## What is required:
Please restate word for word the lines from the top of the entries through the line that contains "BARBOUR JACKET BARBOUR", and do not include any pictures.

## Dataset content:
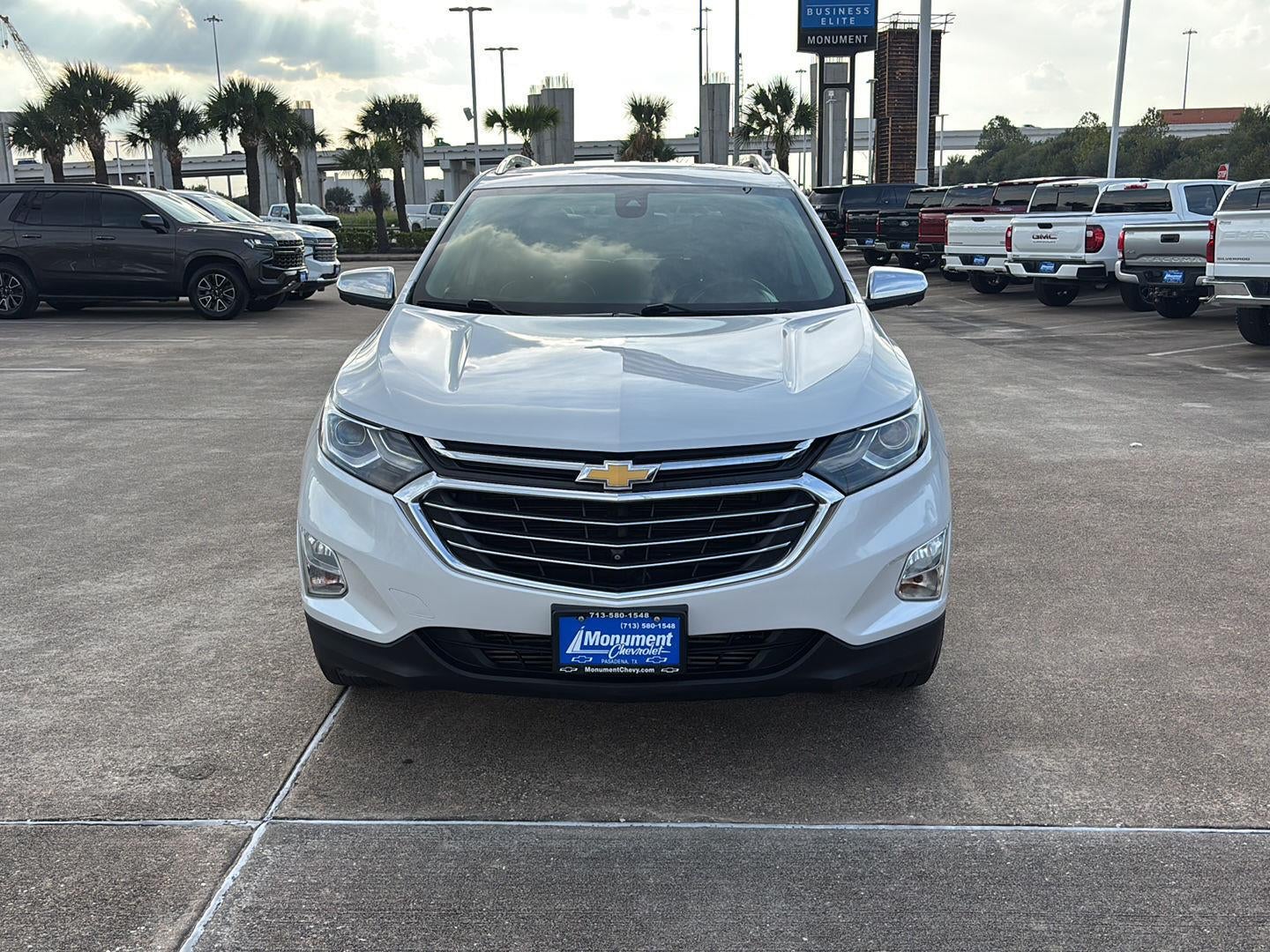 2021 Chevrolet Equinox Premier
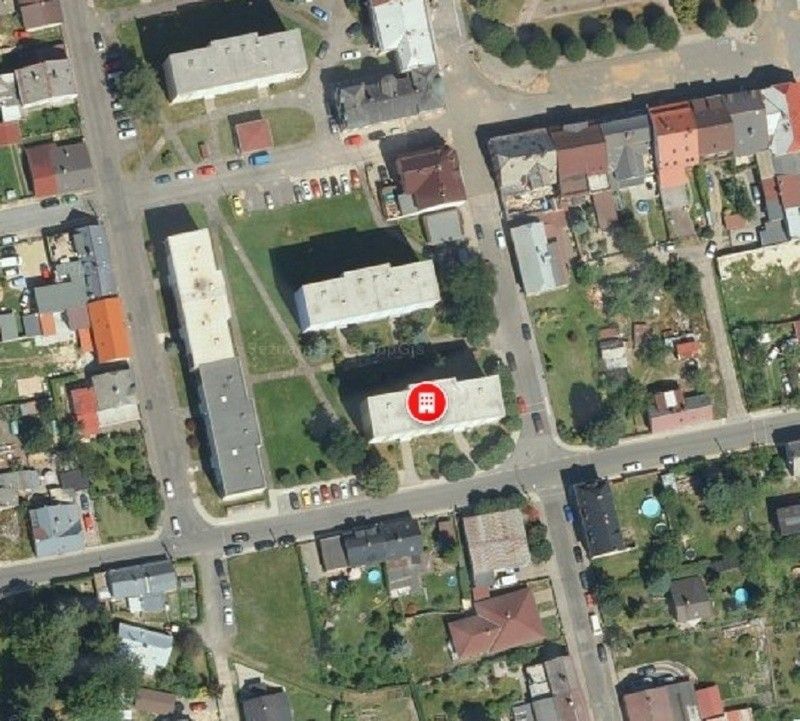 Prodej byt 3+1 - Nové Město pod Smrkem, 463 65, 72 m²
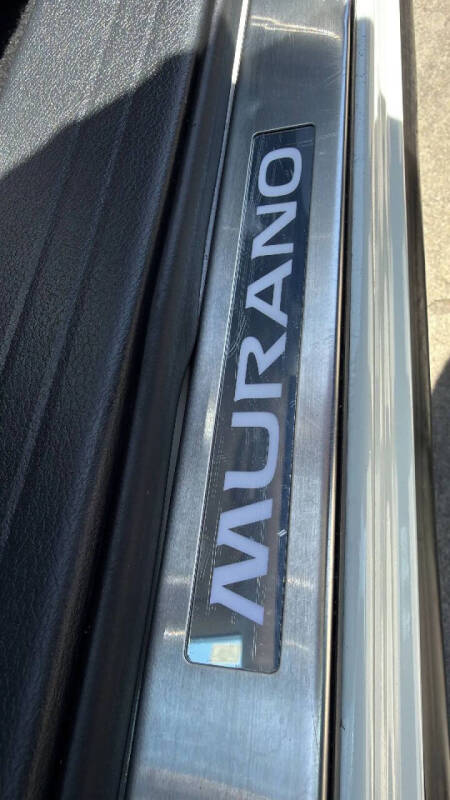 2015 Nissan Murano Platinum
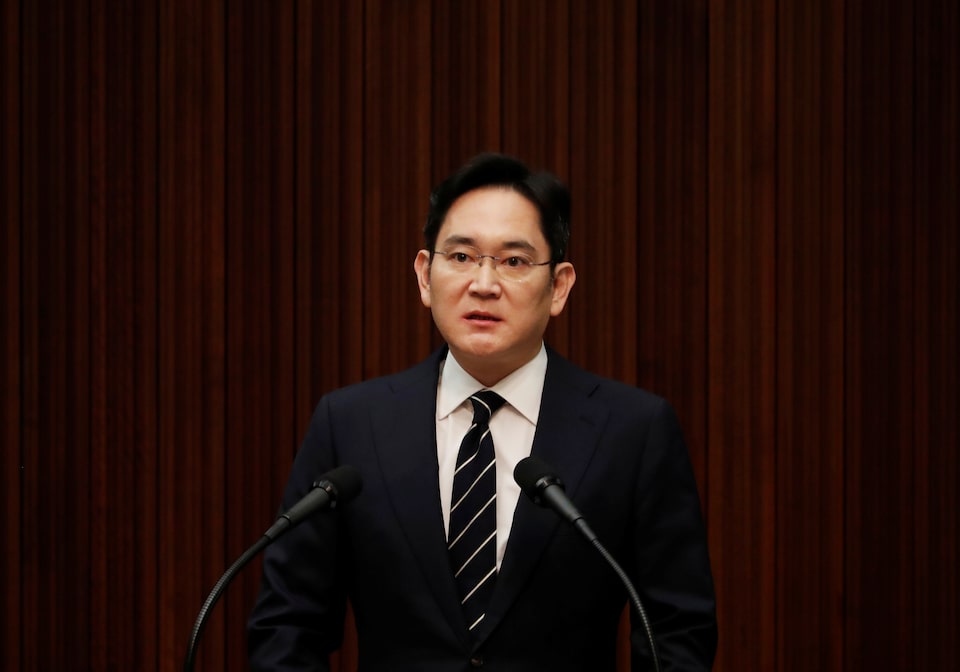Samsung leader Lee set to stand trial for alleged unlawful use of sedative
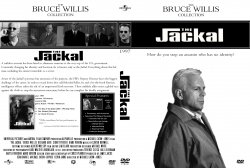 The Jackal - The Bruce Willis Collection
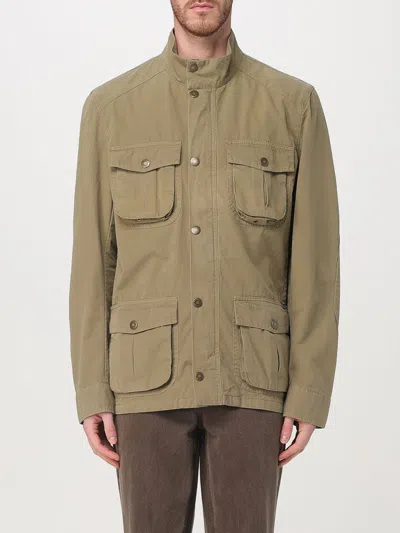 BARBOUR JACKET BARBOUR MEN COLOR GREEN,G74592012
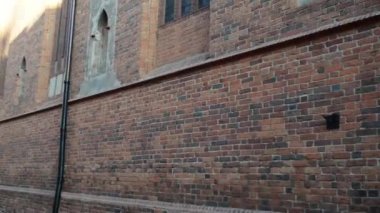 Kutsal bakire Meryem varsayım ve mübarek Stephen Vincent Frelichowski Torun, Polonya - piskoposluk bölgesi, Torun, deanery Roma Katolik bucak bucak. 1 Nisan 1831 inşa.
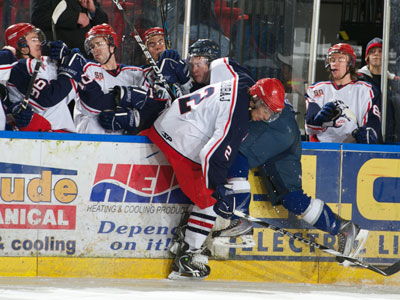 Laliberte held off scoresheet in Colts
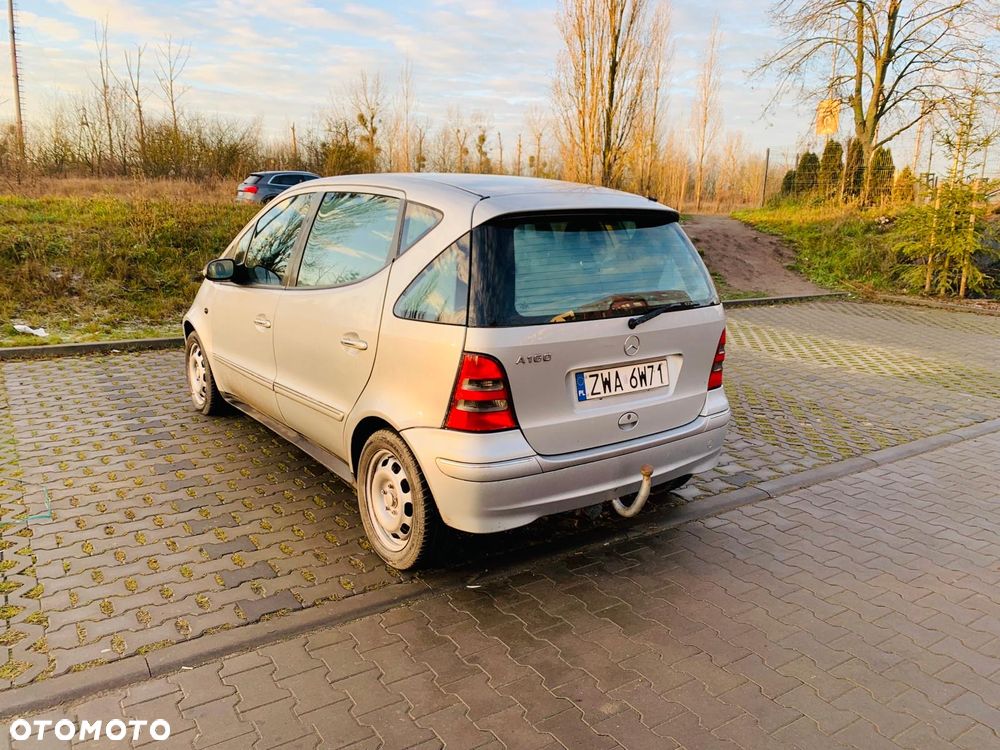 Mercedes-Benz Klasa A 160 Avantgarde Piccadilly - 5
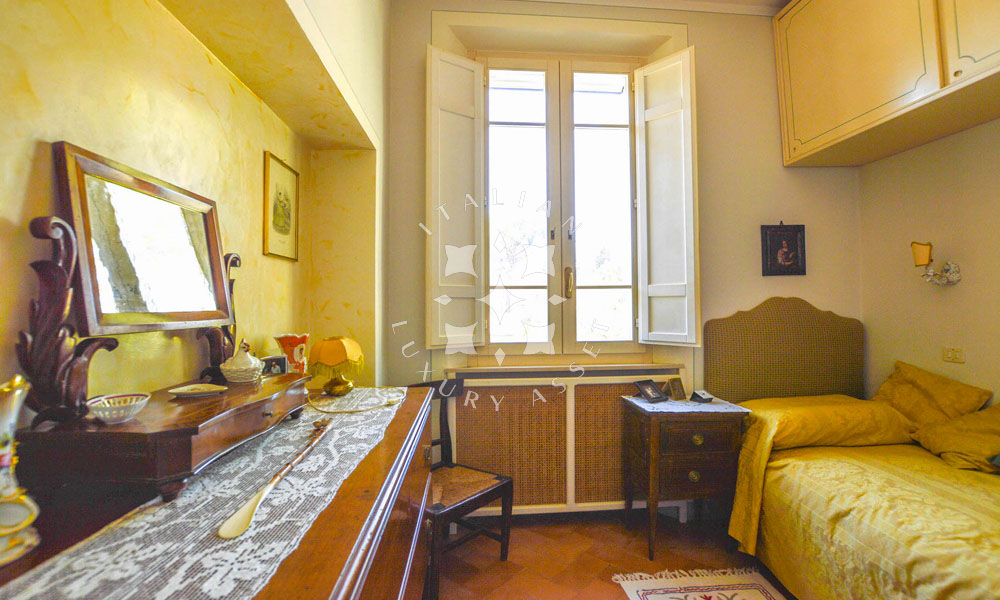 Villa Siena Tuscany Italy Panorama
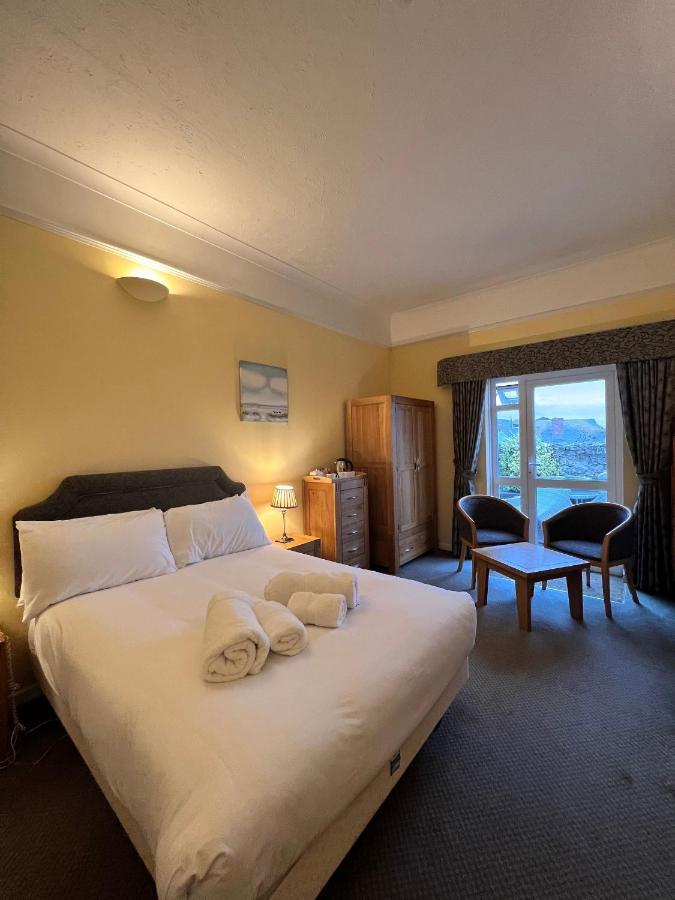 The Royal Lion Hotel Lyme Regis Exterior foto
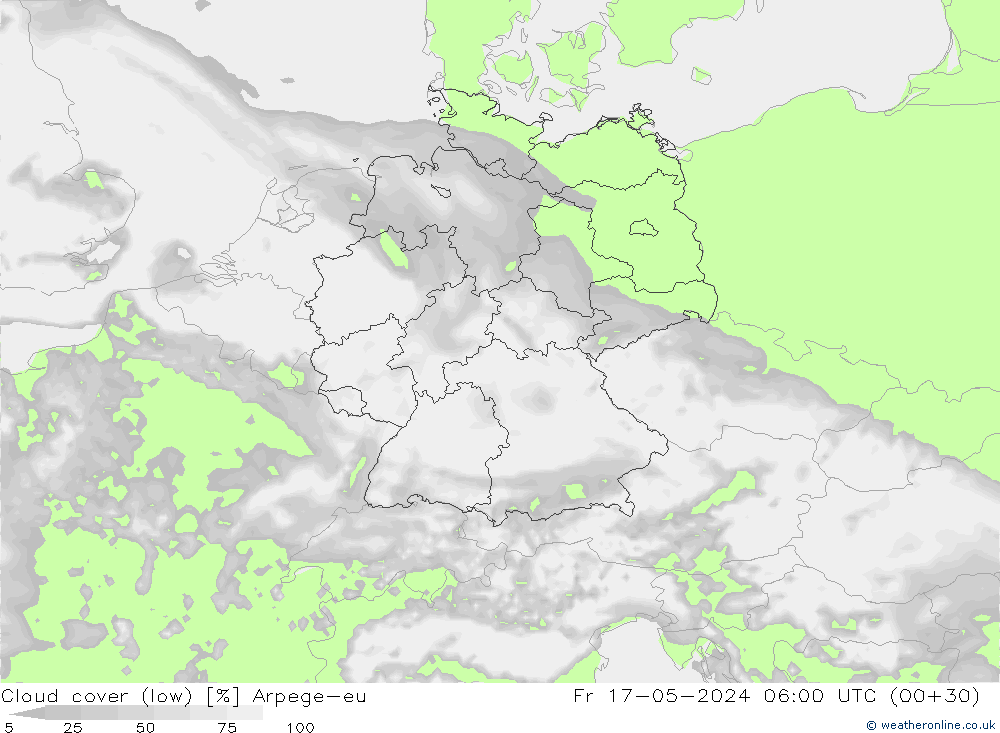  () Arpege-eu  17.05.2024 06 UTC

## Task answer:
 2021 Chevrolet Equinox Premier
 Prodej byt 3+1 - Nové Město pod Smrkem, 463 65, 72 m²
 2015 Nissan Murano Platinum
Samsung leader Lee set to stand trial for alleged unlawful use of sedative
 The Jackal - The Bruce Willis Collection
 BARBOUR JACKET BARBOUR MEN COLOR GREEN,G74592012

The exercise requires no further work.